Only the lines from the one containing "British shorthair" through the end of the data are wanted, reproduced exactly and without pictures.

════

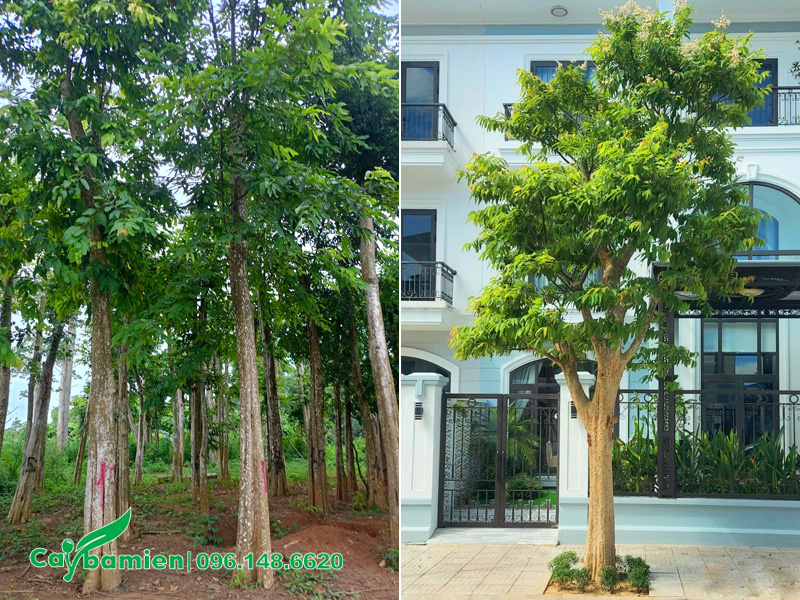 Cây săng lẻ công trình trồng trước nhà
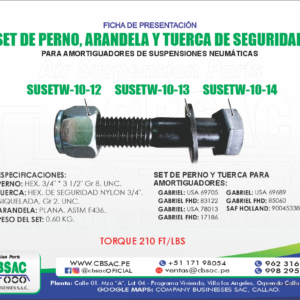 SET DE PERNO, ARANDELA Y TUERCA DE SEGURIDAD PARA SUSPENSIÓN NEUMÁTICA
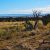 northern-arizona-35-acre-camping-lot-woodland-valley-ranch-lot-315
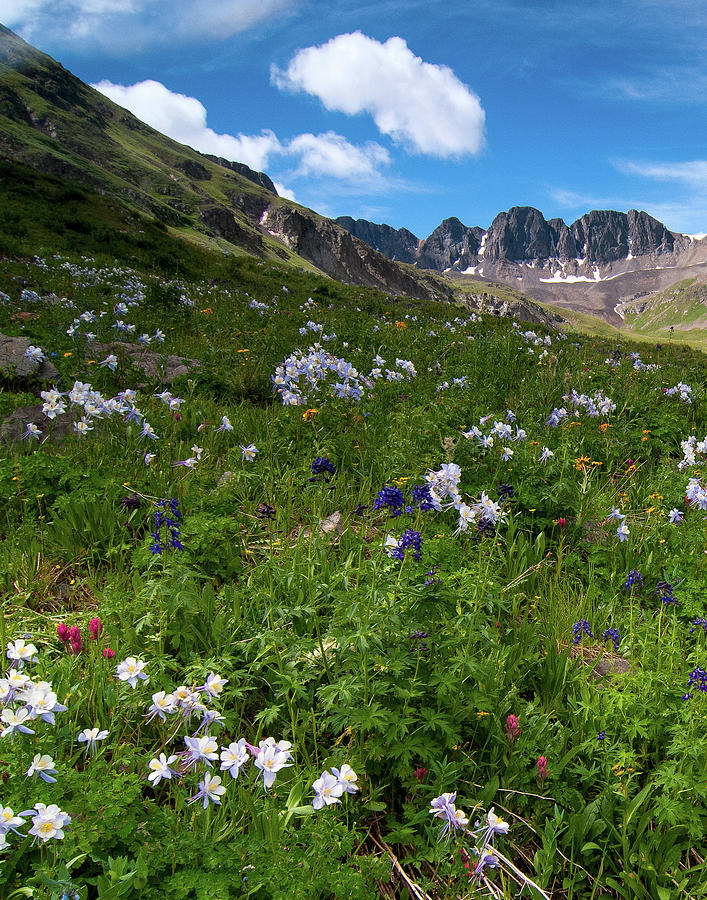 American Basin Wildflowers #1 Photograph by Steve Stuller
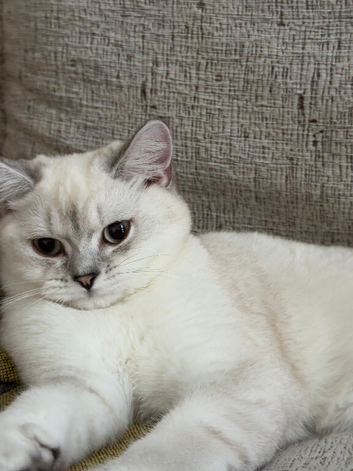 British shorthair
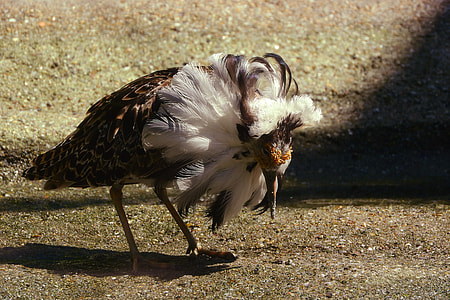 The Sandpiper Combative thumbnail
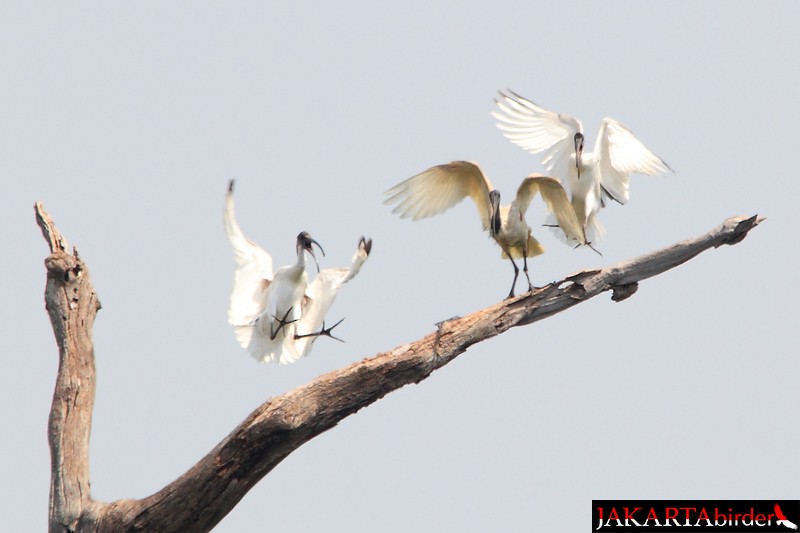 Ibis à tête noire - ML205781041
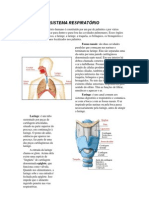 SISTEMA RESPIRATÓRIO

════

▶ [OUTPUT BELOW]:
 British shorthair
 The Sandpiper Combative thumbnail
 Ibis à tête noire - ML205781041
 SISTEMA RESPIRATÓRIO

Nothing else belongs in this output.